В русские по-прежнему пускали, но уже не всех, а часто на выбор. Этим ведали старый конторщик, который записывал всех в разлинованную конторскую книгу: кто, откуда, почему подался в Россию, и пожилой лабазник в поддевке, сапогах, рубахе в горошину и в помятом картузе. На поясе у него висела связка ключей от амбарных замков. Лабазник был высокий, метра два ростом, с большим животом, с красным, часто недовольным, будто после дневного прерванного сна лицом. Когда он хмурился, то к нему было лучше не соваться.

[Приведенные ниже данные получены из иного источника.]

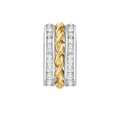 9K 2 Colour Gold CZ + Twirl 3 Ring Pendant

Правда, после обеда, взяв сто грамм водки и вволю наевшись пшеничных блинов, откушав перед этим тарелку кислых щей, заправленных сметаной и сваренных с бараньим боком, он выглядел веселее, отличался сговорчивостью и некоторым делал поблажку. Но не все догадывались попасть после обеда. В результате появилось много недовольных, которых так и не зачислили в русские.
Их раздражало и то, что лабазник не смотрел ласково, и то, что конторщик дотошно расспрашивал обо всем, да еще и записывал в свою книгу, и то, что русские ленивы и бестолковы и не умеют жить, а главное то, что они огородили свою землю забором, частоколом, как какие-нибудь хуторяне, и занимают ее, эту свою землю, ходят по ней, а зимой еще и ездят на тройках с колокольчиками, распевают песни, смеются с развеселыми красавицами, а эти красавицы жмут им, пылая и дрожа, руку под собольей шубкой, а потом еще и пьют шампанское прямо на морозе.
По словам Акима из Зубовки, все это и привело к тому, что стали придумывать способы, как перевести русский народ. Но ни один из этих способов не помогал, во многом из-за обширности русских земель, размерами превосходивших Римскую империю, как это заметил тот же писатель, Николай Васильевич Гоголь, часто бывавший в Италии, где в древности и находилась эта Римская империя.